There’s nothing I treasure more than helping my employees become a better version of themselves–all while being a sneaky version of myself (sometimes).
It makes it even more fun and frankly some of the most effective tricks of the people building trade are outside of the protagonist’s peripheral.
Here are my five favorite tactics for turbocharging my people, with a twinkle in the eye.
1. Establish their secret Personal Board of Directors.
Informed, outside perspective is a beautiful thing for one’s development. So don’t just rely on your own observations of your employees to help them grow.
Quietly assemble a Board of Directors for your employee (unbeknownst to the employee, lest they “play up” to these people).
They should be people who interact with the employee, but do so from an observational and “elevated” point of view, with wisdom and experience under their belt as an aid.
For example, for a product manager, enroll the VP of Research, the Director of Finance, and the Director of Sales as “board members”. Their role on the board is to observe the product manager from an informed distance and to offer perspective on performance (which is usually uncannily accurate).
Furthermore, they’ve seen more than one product manager, even in the same role, and can offer calibrating and comparative insight as well. Leverage this seasoned input to help ensure your employees are strengthening true strengths and working on the right opportunities.

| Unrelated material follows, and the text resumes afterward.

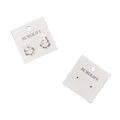Custom Printed Gold Foil Logo Ivory Card Paper Elegant Jewelry Container for Earring Ring Necklace Displays and Packaging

2. Get the skeletons out of their closet.
No, I’m not talking about getting them to confess their sins. But I am talking about getting them to confess with sincerity their most closely held performance weaknesses.
We all have skeletons in the closet, or things we aren’t good at that we don’t want anyone to know about. Things like, “I don’t understand the P&L”, “I’m no good with the customer”, or “I stink at analysis”.
Such fears are barriers to maximizing full potential.
Build a foundation of trust with an end goal being to uncover any such skeletons. Then help your employee tackle their fears head on, in a safe environment.
You can even keep the opportunity area “off paper” (i.e. not part of any formal performance review) and between you and your employee only.
3. Guide them to tell you what they want in their career, not what they’re supposed to want.
They won’t always know, or might not want to tell you for fear of it being outside typical notions of career advancement and thus “career limiting”. They may fear that what they really want to do will cause you to bail on their development.
But you should be earnestly strengthening your relationship with them so that one day (like number 2 above) you can get to truth.
There may be no greater service you can provide than to ensure they aren’t wasting their time and talents on something that doesn’t get them closer to where they truly want to go.
4. Have a career marketing plan for them.
Anyone who wants to succeed in business knows you have to make a concerted effort to market and sell your product. It requires a thoughtful marketing plan with understanding of who the target audience is, what the most compelling messages are to communicate, and how you’ll trumpet those messages–via what communication vehicles and when.
It’s no different when it comes to getting awareness and quality impressions for talented employees as part of their career progression plan.
Know who to target with what messages about your employee (in what fashion), and when and where to do so. Just like you want an advantage over competition when you market your product, same goes for marketing your people.
5. Let them have the ideas.
Your job is to expand the employees point-of-view, not give them their point-of-view.
Like you, they’ll be more committed and energized by something they figured out needs doing.
The key is to build your skill set at coyly helping the employee discover things for themselves.
Do so by asking better questions. Open-ended questions. For example, instead of asking a leading question like “Don’t you think we should increase prices?”, ask “What should we do to offset our costs?”
They’re the soil. You’re the sun. You can plant seeds and be supportive, but they have to get their hands dirty and feel ownership for ideas if they’re to truly grow.
So if you want to do all you can for your people, put a little deviousness in their development.